If the seeds hold true to form, Federer would need to beat volatile 30th seed Nick Kyrgios in the third round just to get a potential quarterfinal against Djokovic, who swept Federer in the Cincinnati final last Sunday.
Then, Marin Cilic, who beat Federer en route to the 2014 US Open title and edged Djokovic in the Queen’s Club final in June, could be awaiting the winner in the semifinals.
By his standards, Federer’s return game was atrocious in his Cincinnati loss to Djokovic that featured several shanks.
The second-ranked Swiss attributes that struggle to lightning-quick court conditions in the Queen city, while Queens is playing a touch slower.
Federer, who was 7-0 in Cincinnati finals before bowing to Djokovic, said US Open court conditions are more favorable to his brand of all-court shotmaking.

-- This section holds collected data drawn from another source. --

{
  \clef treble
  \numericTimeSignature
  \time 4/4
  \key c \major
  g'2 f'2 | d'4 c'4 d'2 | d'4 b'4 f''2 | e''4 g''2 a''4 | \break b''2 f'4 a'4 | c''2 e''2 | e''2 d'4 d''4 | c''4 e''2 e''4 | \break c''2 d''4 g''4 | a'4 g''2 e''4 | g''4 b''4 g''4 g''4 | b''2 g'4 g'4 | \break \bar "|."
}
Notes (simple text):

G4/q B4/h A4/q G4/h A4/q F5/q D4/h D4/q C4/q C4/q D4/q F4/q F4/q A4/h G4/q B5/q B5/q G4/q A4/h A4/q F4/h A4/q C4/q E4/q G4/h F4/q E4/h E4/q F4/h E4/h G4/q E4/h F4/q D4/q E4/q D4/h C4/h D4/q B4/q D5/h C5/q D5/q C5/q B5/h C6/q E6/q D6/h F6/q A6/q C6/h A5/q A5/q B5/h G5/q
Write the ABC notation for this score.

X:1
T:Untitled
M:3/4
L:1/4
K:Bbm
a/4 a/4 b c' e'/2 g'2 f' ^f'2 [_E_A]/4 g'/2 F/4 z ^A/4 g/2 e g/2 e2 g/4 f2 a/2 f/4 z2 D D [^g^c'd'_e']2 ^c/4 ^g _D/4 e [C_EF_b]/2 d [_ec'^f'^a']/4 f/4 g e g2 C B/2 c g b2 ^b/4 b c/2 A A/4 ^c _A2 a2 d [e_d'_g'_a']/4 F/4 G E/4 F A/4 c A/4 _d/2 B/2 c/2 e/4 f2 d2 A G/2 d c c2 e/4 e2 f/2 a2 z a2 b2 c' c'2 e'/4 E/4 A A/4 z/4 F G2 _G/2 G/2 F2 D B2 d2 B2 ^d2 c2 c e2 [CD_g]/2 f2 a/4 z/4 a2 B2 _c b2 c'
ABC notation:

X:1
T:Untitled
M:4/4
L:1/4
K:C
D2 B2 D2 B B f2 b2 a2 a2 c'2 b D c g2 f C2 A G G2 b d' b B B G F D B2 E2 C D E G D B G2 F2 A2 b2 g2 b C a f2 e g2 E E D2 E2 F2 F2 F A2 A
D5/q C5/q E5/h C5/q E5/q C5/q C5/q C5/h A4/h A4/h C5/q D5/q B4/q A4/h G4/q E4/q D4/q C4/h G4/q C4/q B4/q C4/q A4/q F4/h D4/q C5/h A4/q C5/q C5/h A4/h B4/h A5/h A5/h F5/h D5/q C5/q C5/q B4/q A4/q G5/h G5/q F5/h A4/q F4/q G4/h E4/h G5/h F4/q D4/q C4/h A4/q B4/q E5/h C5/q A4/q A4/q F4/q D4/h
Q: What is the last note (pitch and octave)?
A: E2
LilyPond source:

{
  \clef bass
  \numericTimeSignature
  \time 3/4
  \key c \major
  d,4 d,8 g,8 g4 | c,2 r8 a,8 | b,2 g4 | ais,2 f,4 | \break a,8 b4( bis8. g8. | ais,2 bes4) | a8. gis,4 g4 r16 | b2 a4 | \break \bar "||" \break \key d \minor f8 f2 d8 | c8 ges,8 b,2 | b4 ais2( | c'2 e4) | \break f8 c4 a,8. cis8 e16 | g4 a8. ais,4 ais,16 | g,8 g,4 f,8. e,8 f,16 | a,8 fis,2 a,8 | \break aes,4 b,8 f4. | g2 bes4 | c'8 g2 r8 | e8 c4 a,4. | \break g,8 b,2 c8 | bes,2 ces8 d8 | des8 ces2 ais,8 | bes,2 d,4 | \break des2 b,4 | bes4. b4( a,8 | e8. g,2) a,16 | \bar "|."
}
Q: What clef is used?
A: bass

“I’m exactly where I want to be, and I still have enough days to get ready, to be honest,” Federer said. “I’m very pleased about my progress here. I’ve gotten used to the conditions here. It’s a bit slower, it’s easier to control, and that also is one part of Cincinnati that I think probably if you ask most players, like, How do you feel in Cincinnati, a lot of guys will always say it’s not easy to play there.

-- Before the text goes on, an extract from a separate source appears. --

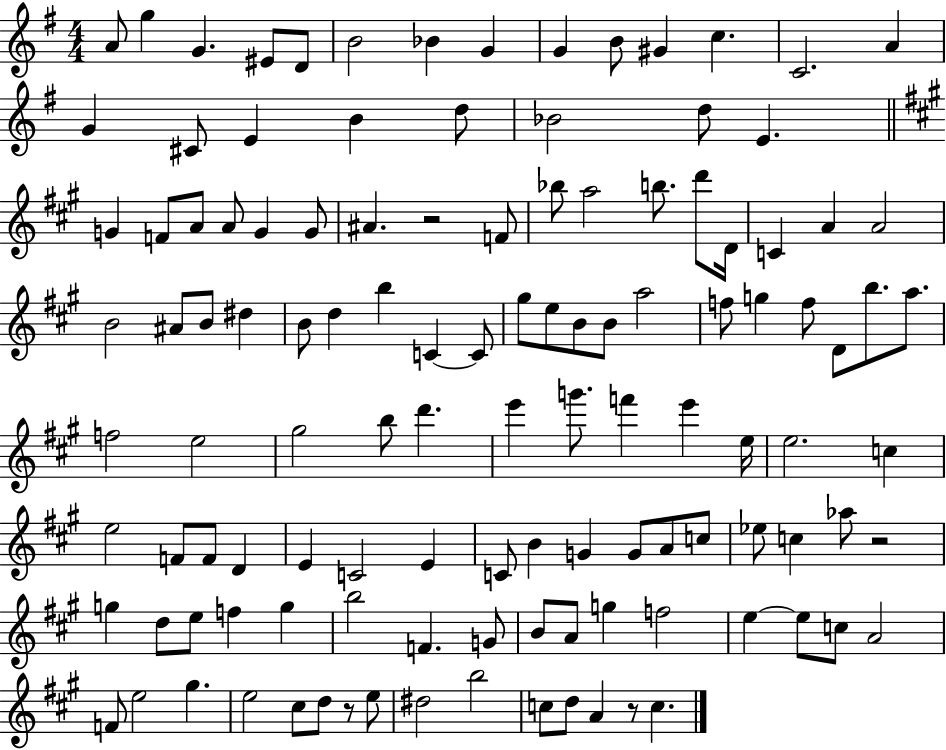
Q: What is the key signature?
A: G major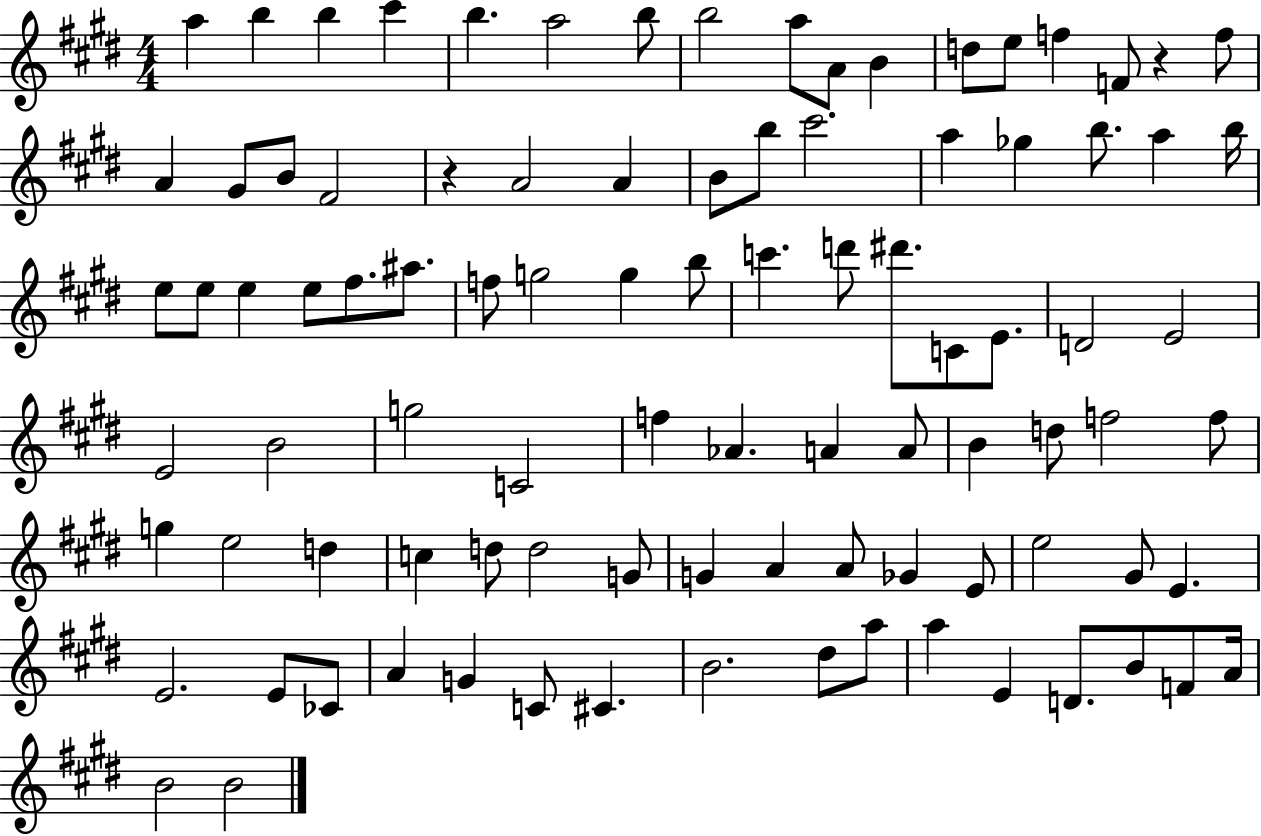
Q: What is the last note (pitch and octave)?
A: B4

“The ball flies. Especially this year the ball was extremely bouncy. So it was just hard to control the balls at all times. And I think that also didn’t help the feeling.”

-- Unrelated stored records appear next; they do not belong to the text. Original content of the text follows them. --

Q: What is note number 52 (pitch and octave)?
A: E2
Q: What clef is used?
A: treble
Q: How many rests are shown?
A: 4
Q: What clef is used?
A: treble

“So I think coming to New York, I think you get a better feel,” Federer said. “The balls are easier to control. The surface is a touch slower. So I think in overall theme maybe we will see better tennis here in New York.”
Will the Federer express get back on track in New York?
It’s not like the wheels have fallen off Federer’s game. He’s advanced to six finals in eight tournaments starts this season, including contesting finals in four of five hard-court events: the Australian Open, Rotterdam, Indian Wells and Cincinnati.
Despite the fact he hadn’t played a hard-court event in five months, and was struggling to find his timing, Federer still reached the Cincinnati championship match.
Of course, neither Nadal nor Djokovic were at their best—or even present—at some of those events. And both men will be highly motivated to close the gap on Federer.
“Obviously Roger got a tough draw overall, in addition to having to play Novak in the quarters. It’s not that easy for him necessarily to get there,” ESPN analyst Patrick McEnroe said. “A lot of people are saying Djokovic is the favorite.
“I actually still think Nadal is the favorite, and he’s my pick to win it. I think he played well in Canada. He’s fresh coming in. I think he was smart to miss Cincinnati. Certainly one of the matches of the year was the semifinal loss in Wimbledon to Novak. But I think a hard court is a better surface for Rafa… and I think Rafa is going to be incredibly motivated to win it because he sees that he can run down Roger in overall majors, not to mention the fact he wants to keep Djokovic at bay. Those three guys are the clear favorites.”
The biggest question confronting Federer isn’t whether he can reach his eighth US Open final.
The biggest question Federer faces is: Can he potentially defeat Djokovic and Nadal —the two guys chasing him in the all-time Grand Slam race—to do it?
“I think Roger has looked a little bit shaky in Cincinnati, although a shaky Roger still made to it final,” Patrick McEnroe said. “He’s got to try to catch fire. If he can catch fire in week number two, that’s when he becomes super dangerous.”
On the eve of his 18th US Open, Federer insists he’s right where he wants to be.
“I think not even close playing my absolute best in Cincinnati and still making a finals is still a really good result, actually, if I take a step away,” Federer said. “The finals was not good. I was not happy with how I played, but I think there was some tiredness that led into that.
“And Novak was good, you know. So it was just a match, one you want to forget, no problem, but in the big scheme of things actually was a good tournament for me, get all the matches under the belt, get match-tough again so when I do show up here I actually feel I’m ready, and I am ready, and that’s what counts for me.”